I have written a custom neural net where there are 12 convolutional blocks each containing 7 layers. However, for the last 2 blocks, I am decomposing the CNN parameters in each layer into two sets among which one is updated for certain iterations.
An example of my model definition for single decomposed CNN layers looks like this defined inside a nn.Module -
self.conv_1_parameters_1 = nn.Parameter((torch.Tensor(3, 12, 3 , 3).normal_(0, 0.01)), requires_grad=True)
self.conv_1_parameters_2 = nn.Parameter(init.xavier_normal_(torch.Tensor(3, 32, 32*12 , 1, 1)), requires_grad=True)
So during the forward pass, I am selecting (based on the input to forward function) both self.conv_1_parameters_1 and self.conv_1_parameters_2 across dim 1 as follows (here the index of first dim is specified using k) :
coeffs_1 = self.conv_1_parameters_2[k].view(32,32, 12)

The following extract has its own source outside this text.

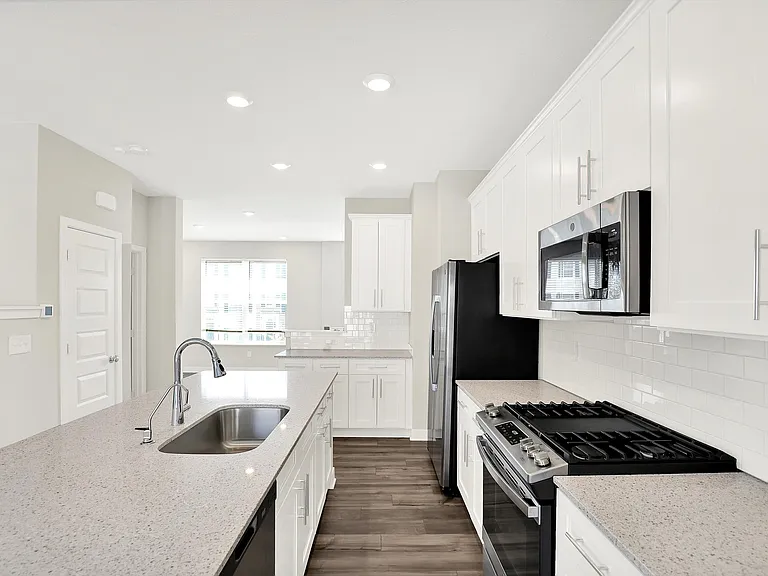 7006 Equality Blvd — Photo 10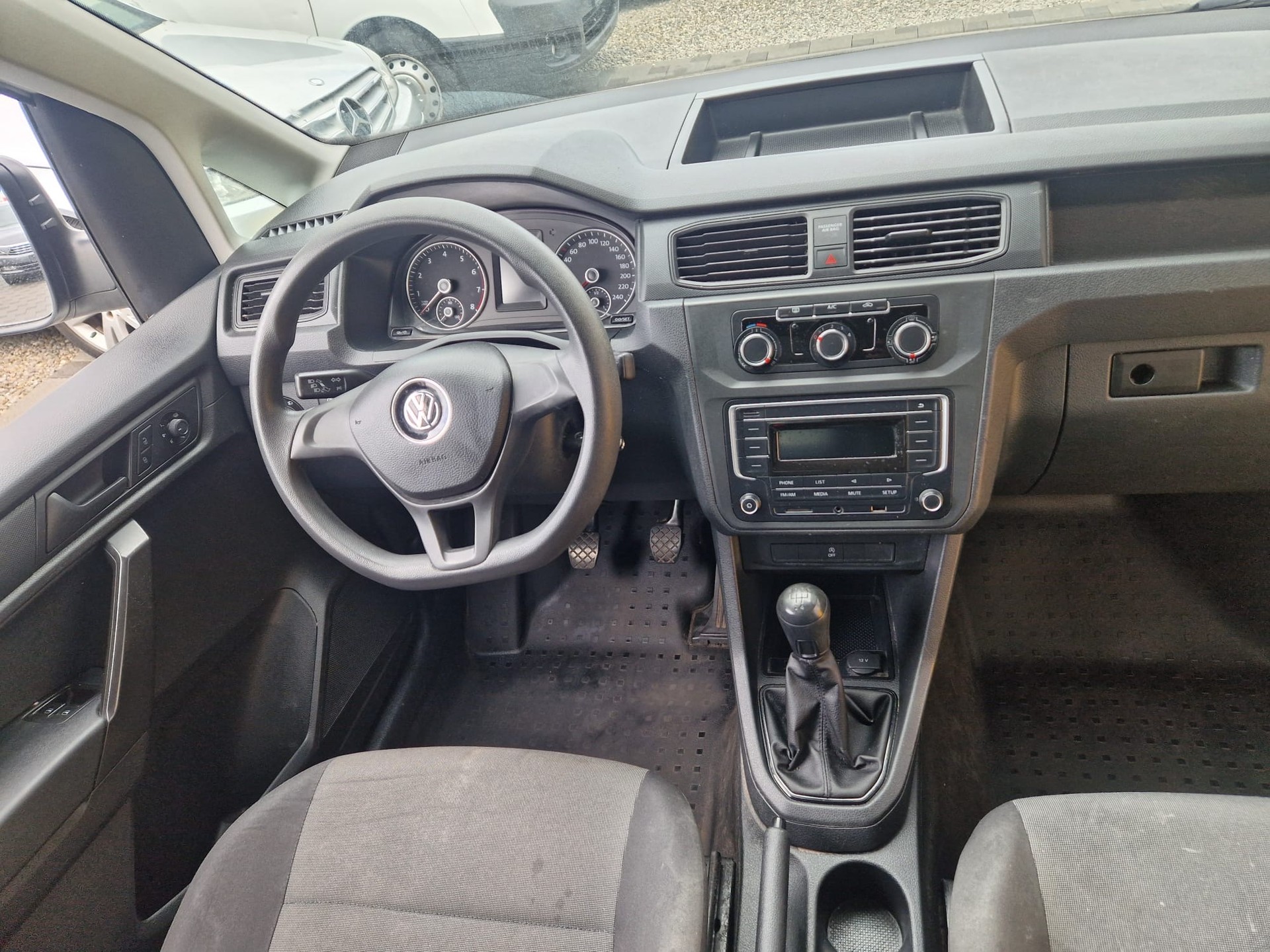 VW Caddy 1.2 TSI Entry BlueMotion Technology-image-7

conv_w_1 = torch.einsum('cvm, mki-> cvki', coeffs_1, self.conv_1_parameters_1[k]).reshape(32, -1, 3, 3).squeeze().contiguous().view((32,32,3,3)
x = F.conv2d(x_input, conv_w_1, padding=1)
I am using use two different optimizers for updating the parameters -
all_parameters = dict(self.model.named_parameters())
encoder_paras = [v for k, v in all_parameters.items() if ('encoder' in k)]
paramter_set_1 = [v for k, v in all_parameters.items() if ('coeff' in k)] # These are just the parameters corresponfing to self.conv_1_parameters_1 in the last 2 conv blocks
paramter_set_2 = [v for k, v in all_parameters.items() if ('combiner' in k)] # These are just the parameters corresponfing to self.conv_1_parameters_2 in the last 2 conv blocks
self.optimizer_1 = torch.optim.Adam(encoder_paras+paramter_set_1, lr=0.0001) # update all the parameters in convolution block 0 to 9 (which are encoder parameters) and only update parameter_set_1 in last 2 conv blocks
self.optimizer_2 = torch.optim.Adam(encoder_paras+paramter_set_2, lr=0.0001) # update all the parameters in convolution block 0 to 9 (which are encoder parameters) and only update parameter_set_2 in last 2 conv blocks
The training loop looks something like this -
for i in range(K): # this will select the subset of parameters for those last 2 conv blocks
pass input through whole model with index i
update the parameters corresponding to certain index using optimizer 1
So after the end of above loop I should be able to see only changes to the parameter_set_1 in last two conv blocks. But the these values don’t change at all. I printed the grad for parameter_set_1 and it is not None. I am not detaching any tensor in between. All the parameters in conv block 0 to 9 are updated by the optimizer. The problem is only with the conv block 10 and 11 which use the decomposed parameters.
What am I missing here?
Update : I figure that the gradients are very small like 10^-16.